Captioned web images
# # #

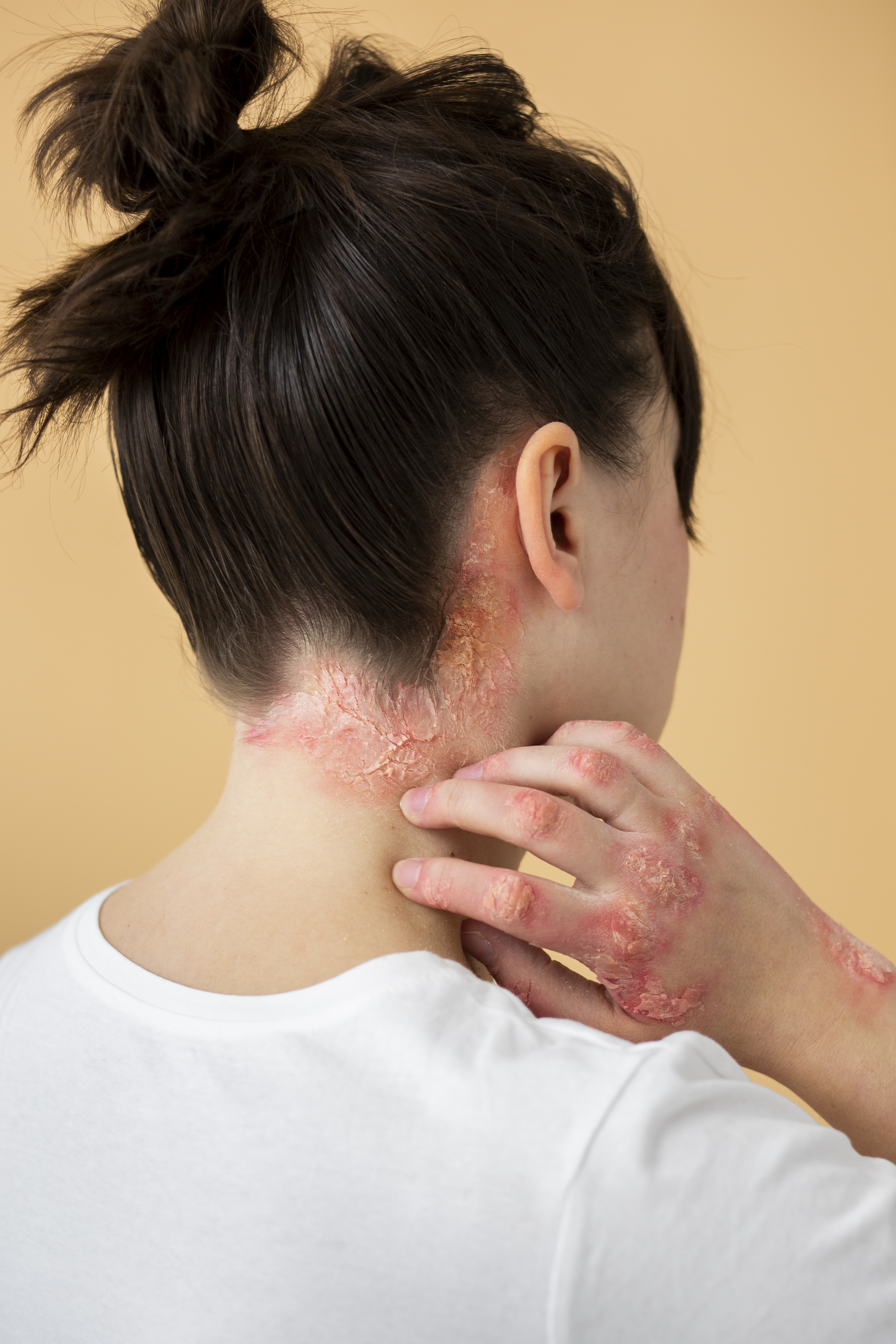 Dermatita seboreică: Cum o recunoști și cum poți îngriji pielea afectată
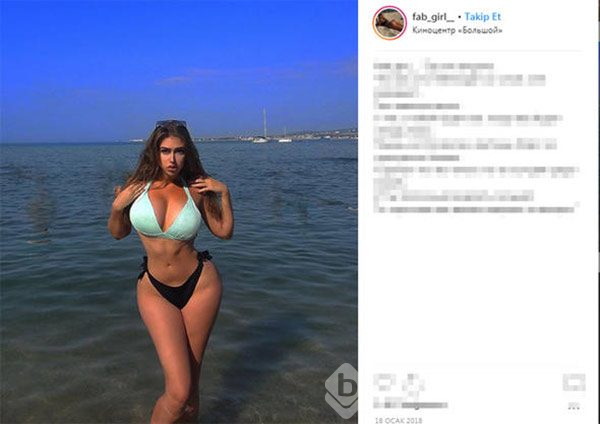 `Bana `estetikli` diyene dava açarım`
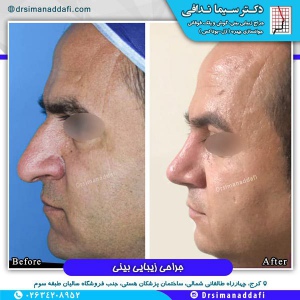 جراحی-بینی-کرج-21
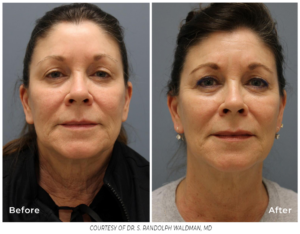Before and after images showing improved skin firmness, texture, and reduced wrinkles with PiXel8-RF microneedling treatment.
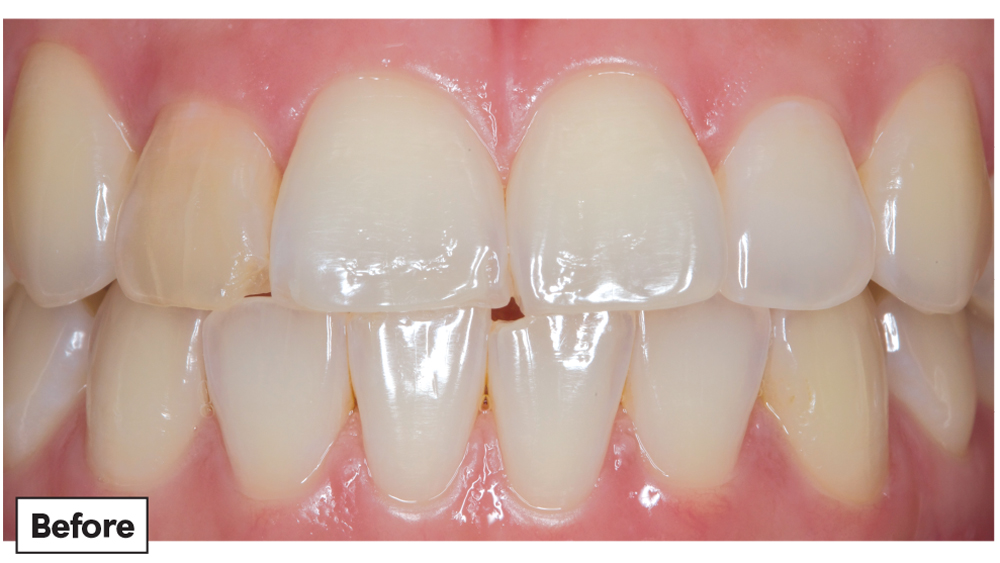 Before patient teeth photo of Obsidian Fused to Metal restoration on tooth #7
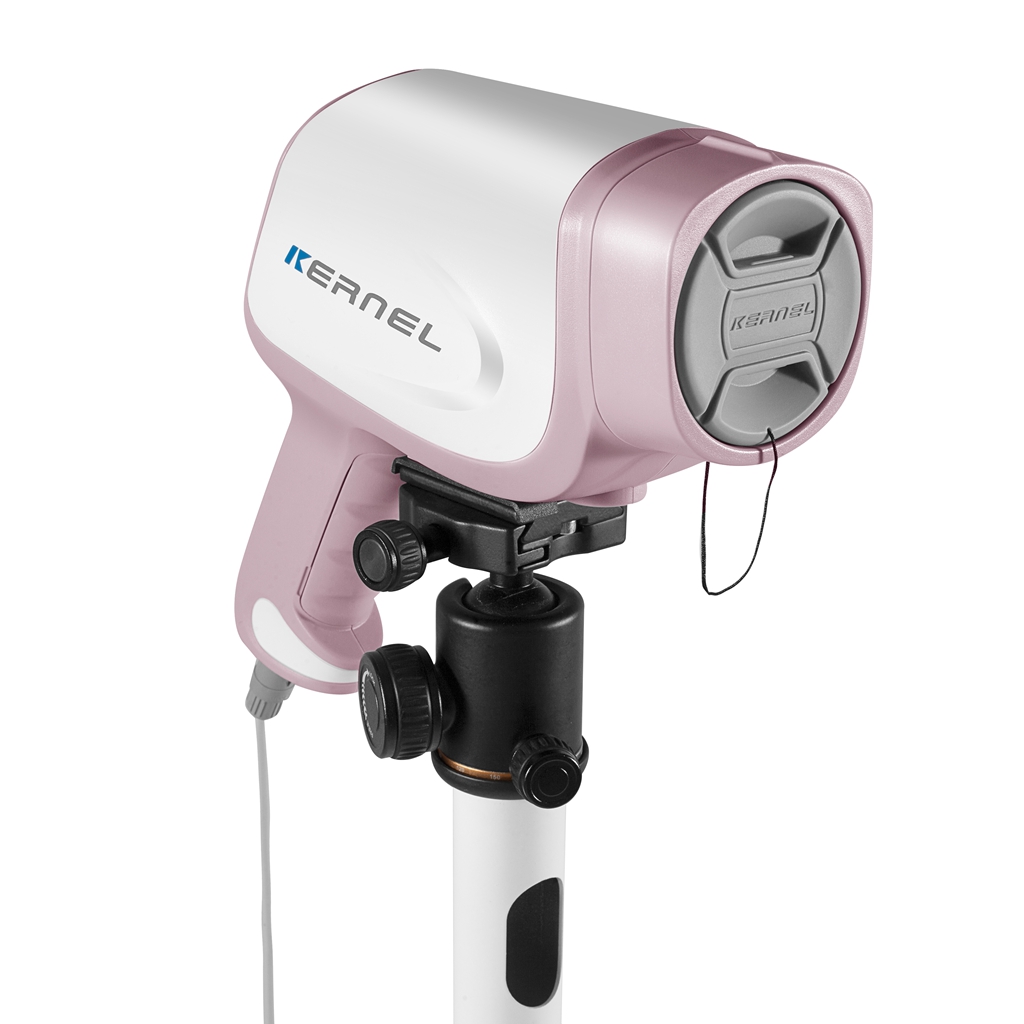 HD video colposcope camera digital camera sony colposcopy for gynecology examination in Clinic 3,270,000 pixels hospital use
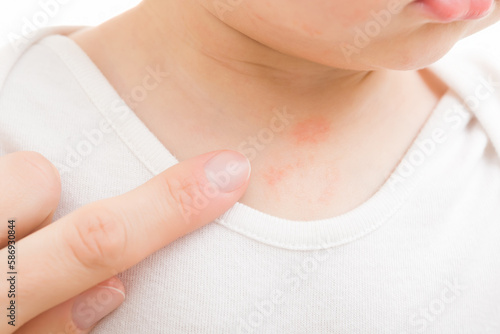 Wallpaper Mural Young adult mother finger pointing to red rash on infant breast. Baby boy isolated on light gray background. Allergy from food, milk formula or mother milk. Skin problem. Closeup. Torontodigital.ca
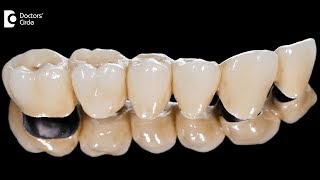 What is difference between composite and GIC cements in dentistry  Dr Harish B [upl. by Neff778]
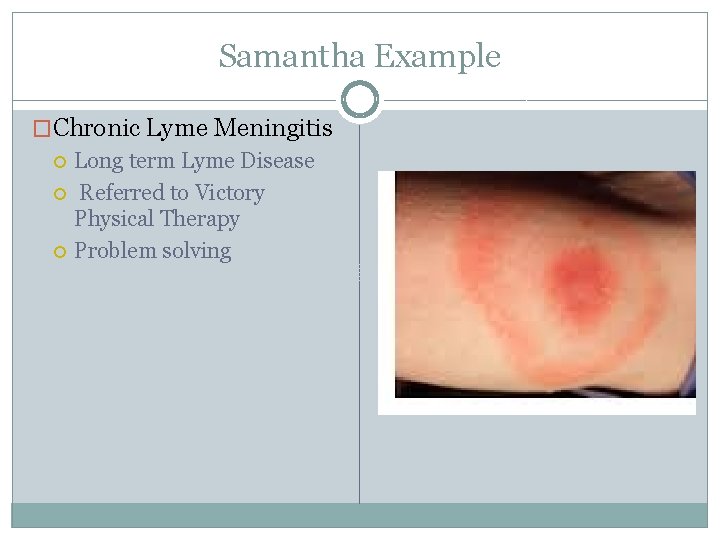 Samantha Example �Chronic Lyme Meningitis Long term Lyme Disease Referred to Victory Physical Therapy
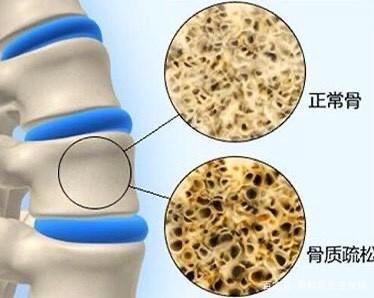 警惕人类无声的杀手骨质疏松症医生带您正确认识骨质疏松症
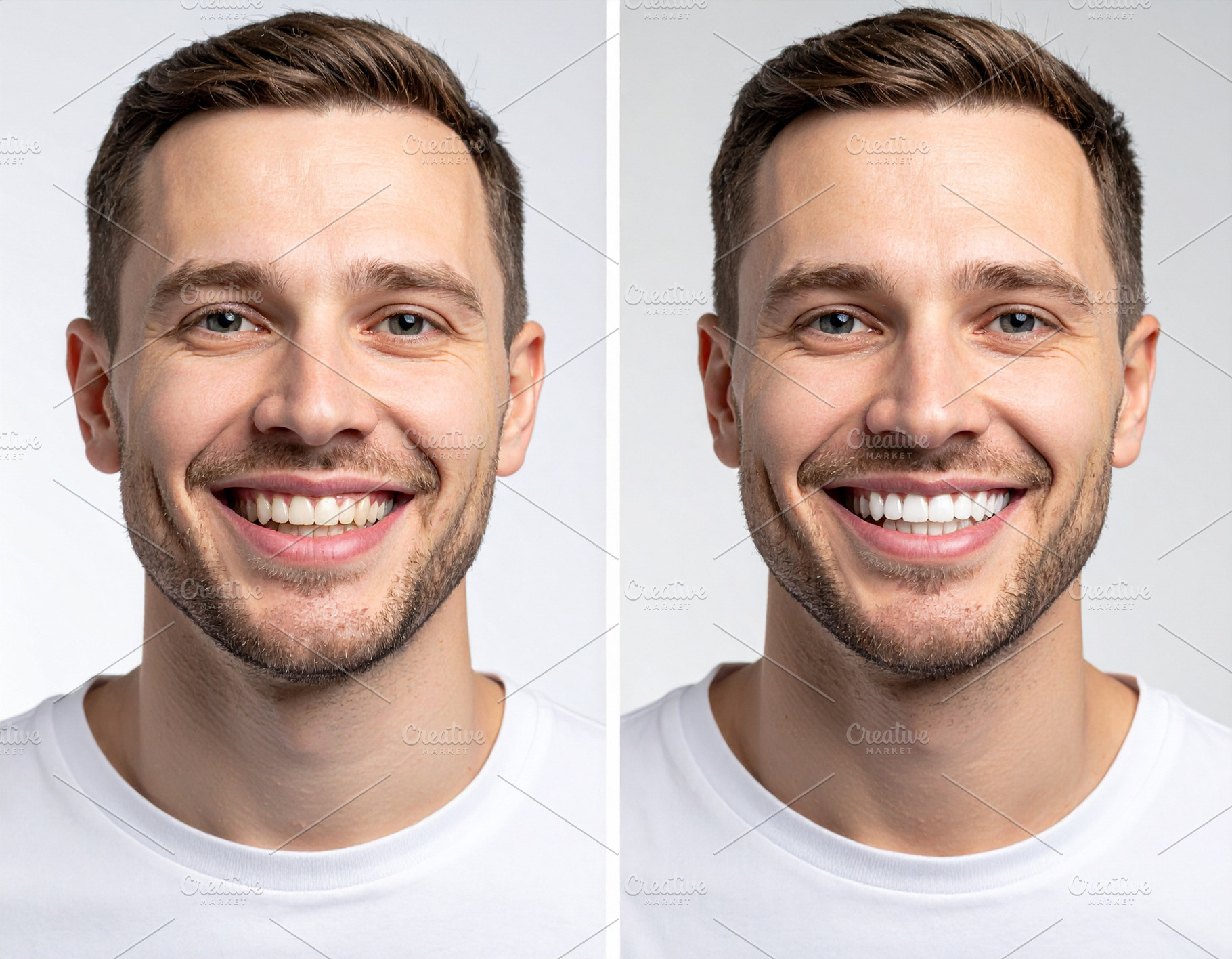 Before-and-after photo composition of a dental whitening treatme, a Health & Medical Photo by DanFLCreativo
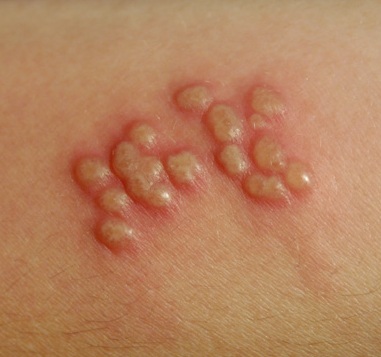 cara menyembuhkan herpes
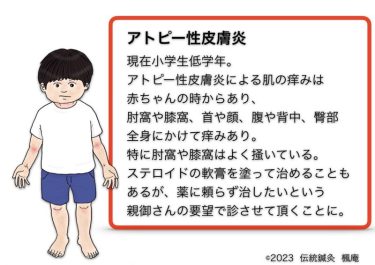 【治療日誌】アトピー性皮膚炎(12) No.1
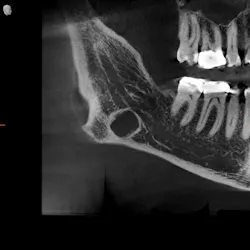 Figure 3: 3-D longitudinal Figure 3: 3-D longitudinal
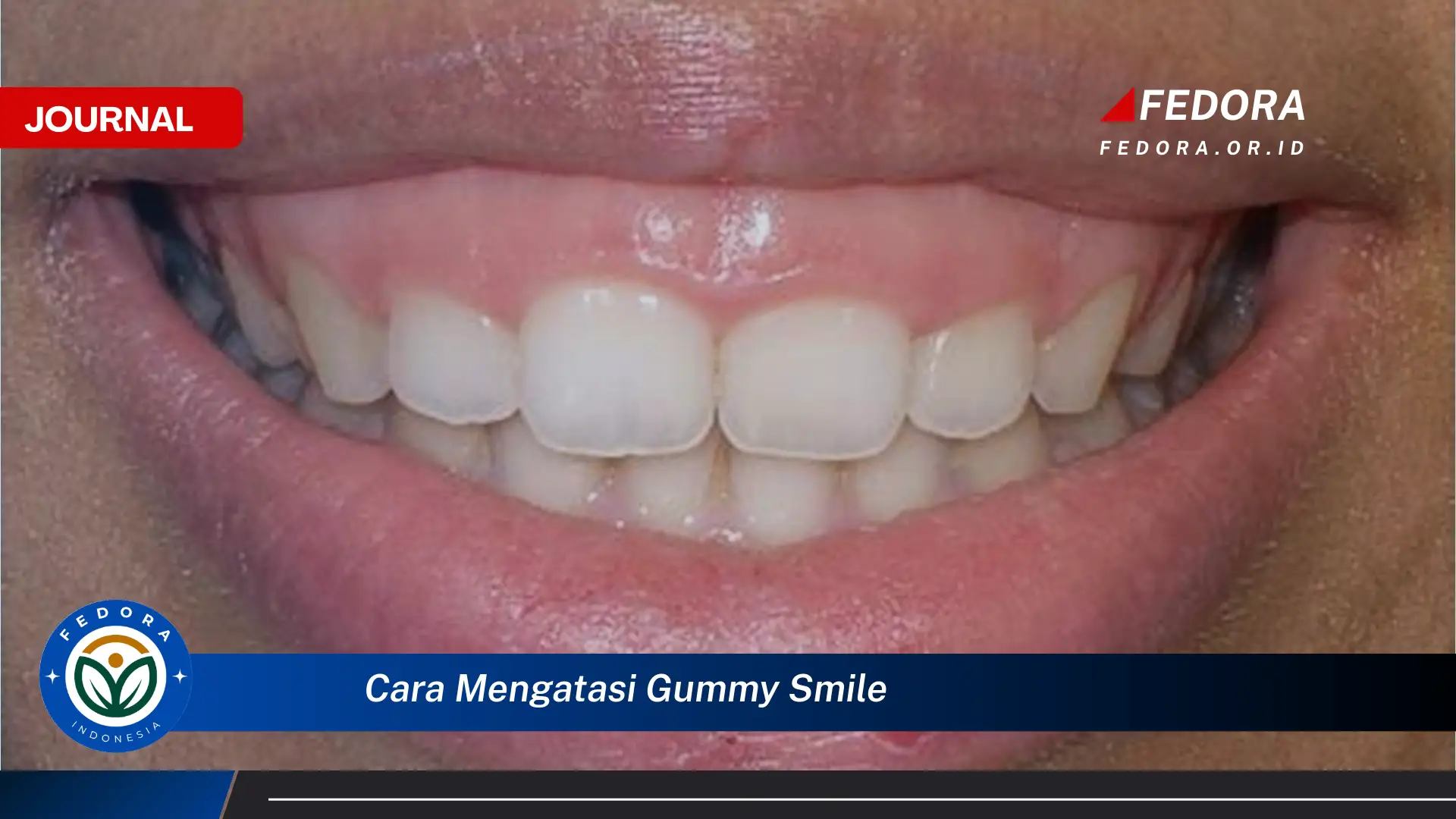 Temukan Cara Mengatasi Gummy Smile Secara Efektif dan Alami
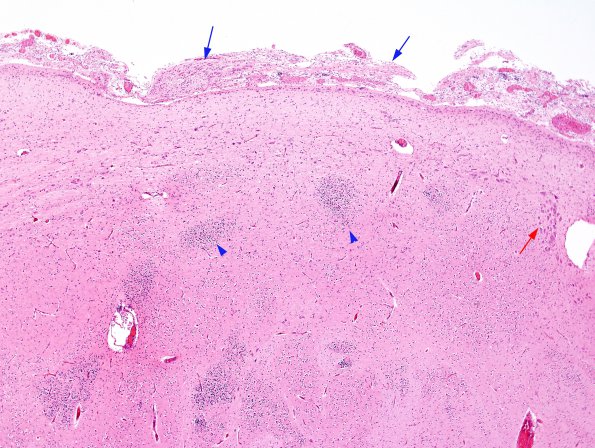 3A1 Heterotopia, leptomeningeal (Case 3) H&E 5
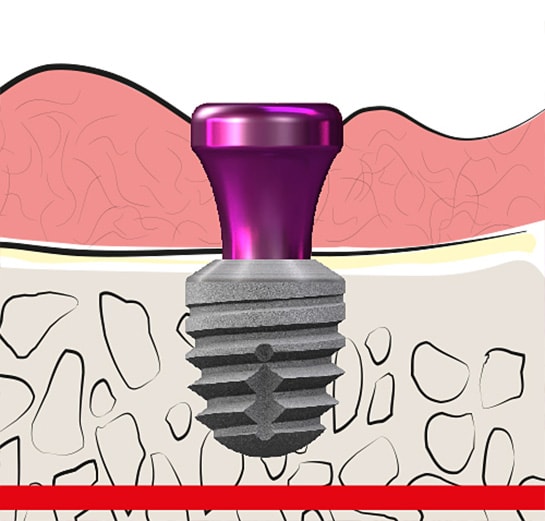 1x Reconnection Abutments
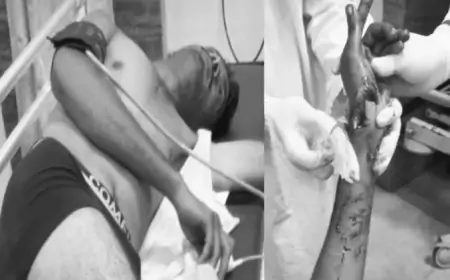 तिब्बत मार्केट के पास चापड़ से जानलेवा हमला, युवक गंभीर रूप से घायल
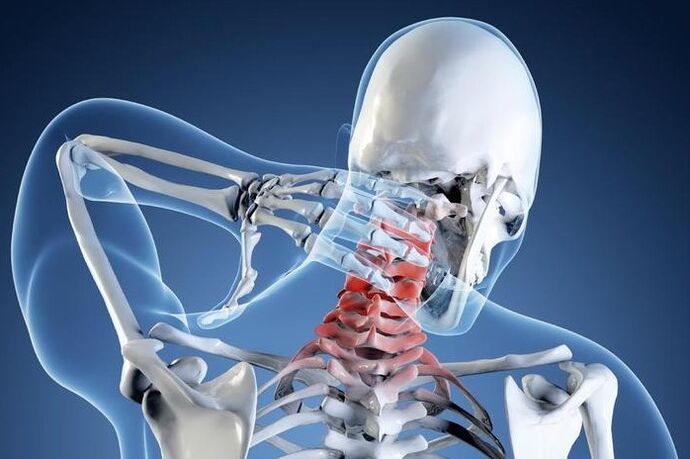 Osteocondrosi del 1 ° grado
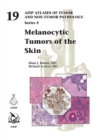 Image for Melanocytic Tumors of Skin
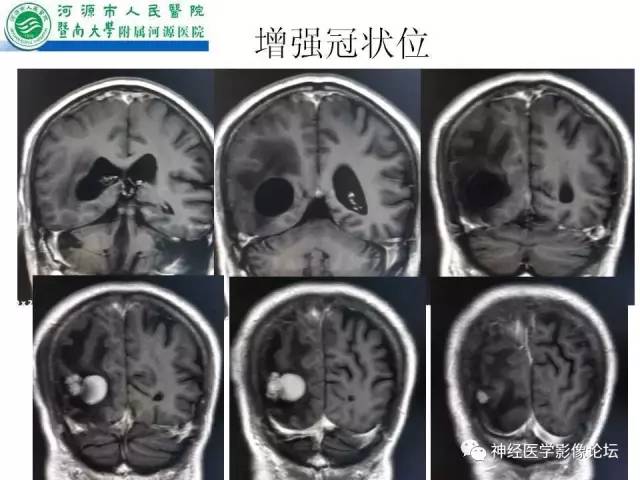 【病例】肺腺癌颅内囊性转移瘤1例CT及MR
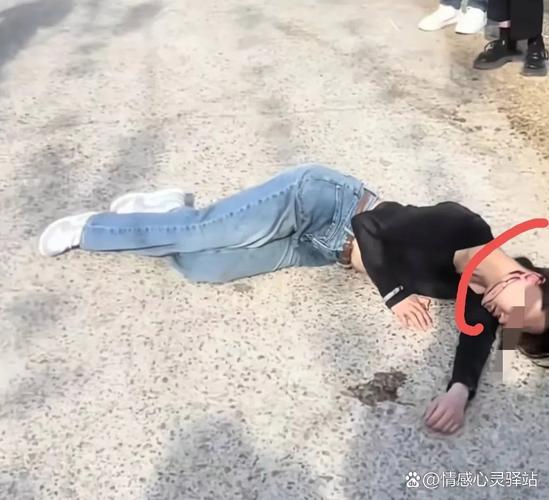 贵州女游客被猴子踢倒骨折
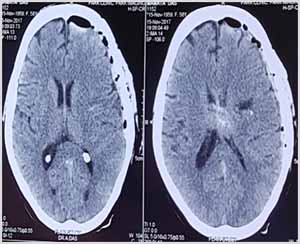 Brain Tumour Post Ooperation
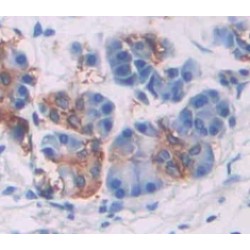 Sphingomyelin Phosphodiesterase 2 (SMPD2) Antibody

# # #

■ Directions: The line that contains "Osteocondrosi del 1 ° grado" begins the range and the last line of the entries ends it; print that range exactly, without pictures.

■ Expected output:
 Osteocondrosi del 1 ° grado
 Image for Melanocytic Tumors of Skin
 【病例】肺腺癌颅内囊性转移瘤1例CT及MR
 贵州女游客被猴子踢倒骨折
 Brain Tumour Post Ooperation
 Sphingomyelin Phosphodiesterase 2 (SMPD2) Antibody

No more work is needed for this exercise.